Geology & Glaciation
The Bale Mountains were formed prior to the creation of the Rift Valley, from lava outpourings, which covered all underlying rock formations between 38 and 7 million years ago. The rocks of the volcanic outpourings are predominantly trachytes, but also include rhyolites, basalts and agglomerates, and tuffs. The Bale highlands area consists of a vast lava plateau with at least six volcanic cones, each more than 4,200m. These cones have been considerably flattened by repeated glaciations.
There have been at least two glacial periods in the history of the mountains. These specific mountains were glaciated as little as 2,000 years ago. During the last ice age, the Bale Mountains were one of the most extensively glaciated areas in Ethiopia, with a total of approximately 180km2 of ice. There was a 30km2 ice cap around the peak of Tulu Dimtu on the Sanetti plateau and individual glaciers of considerable thickness reached down to 3,200m. As a consequence, the landscape as we see it today is the lava outpourings modified by over 20 million years of erosion by water, wind and ice.
There are certain geological features that remain an enigma to geologists and glaciologists, such as the striations (or boulder grooves) that appear on shallow hillsides on the Sanetti plateau. Boulder grooves, till ridges and numerous glacial valleys, such as the Togona Valley on the northeastern slopes of the Sanetti plateau, provide evidence of the ice age effects on the landscape of the Bale Mountains National Park. Until the beginning of de-glaciation (13,000 to 14,000 years ago), the snowline was at 3,700m and the upper tree limit in the Bale Mountains was well below 3,000m. Fluctuations in climate over the last historical period, including the last 3,000 years, have dramatically affected vegetation and other biodiversity in the highlands.
Over 12 million people are crucially dependent on water from the Bale massif for four reasons. Firstly, the Bale massif plays a vital role in climate control of the region by attracting large amounts of orographic rainfall (rainfall that occurs when wind encounters a land mass and is forced upward), which has obvious implications for agriculture. Some 600mm to 1,000mm fall annually in the lower altitude areas, while 1,000mm to 1,400mm fall in areas of higher altitudes.

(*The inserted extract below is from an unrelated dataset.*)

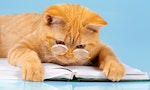 Cat with glasses lying on the datebook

Secondly, a total of 40 rivers rise in the national park area, contributing to five major rivers: the Web, Wabe Shebele, Welmel, Dumal and Ganale. Additionally, the Bale massif is the source for many springs in the lowlands, which are of paramount importance as they are the only source of water year-round. The people of the south are completely dependent on good management of the water resources from the highland areas. If the flow of these rivers is altered in any way - through deforestation, overgrazing and/or over abstraction for irrigation (all of which are occurring at present) - a highland/lowland imbalance results with loss of perennial water in the lowlands. If such a situation arises, the dry season range of the people and their livestock reduces dramatically and they congregate around whatever water source remains. It is widely recognized that such an uneven distribution of people and livestock leads to rapid and lasting degradation. The people are, therefore, likely to become increasingly food-aid dependent if the water catchment areas of the Bale Mountains are insufficiently protected. There is already evidence that over-abstraction of water in the Bale Mountains is occurring.

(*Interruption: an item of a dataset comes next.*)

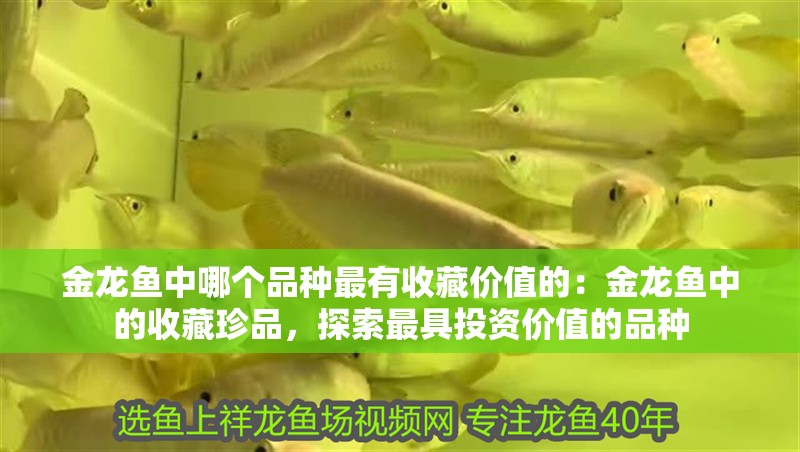 金龍魚中哪個品種最有收藏價值的：金龍魚中的收藏珍品，探索最具投資價值的品種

Thirdly, two rivers originating from Bale – the Wabe Shebele and Yadot (a tributary of the Ganale) – have hydroelectric schemes. The dam on the Yadot River supplies electricity to Delo-Mena, while the dam on the Wabe Shebele provides electricity to the Bale area.

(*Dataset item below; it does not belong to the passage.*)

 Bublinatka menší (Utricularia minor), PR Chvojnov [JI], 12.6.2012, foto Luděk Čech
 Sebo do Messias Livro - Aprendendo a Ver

Lastly, there are numerous natural mineral water springs, called hora, which are locally believed to provide an essential source of minerals for livestock. The mineral springs within the park are valued for their high mineral content (sodium, potassium, magnesium, zinc and calcium), drawing people from far away for the benefit of their cattle. Local pastoralists believe that in order to maintain good health and milk production, the livestock must be given hora water. They drive their livestock for up to two days to reach the hora springs.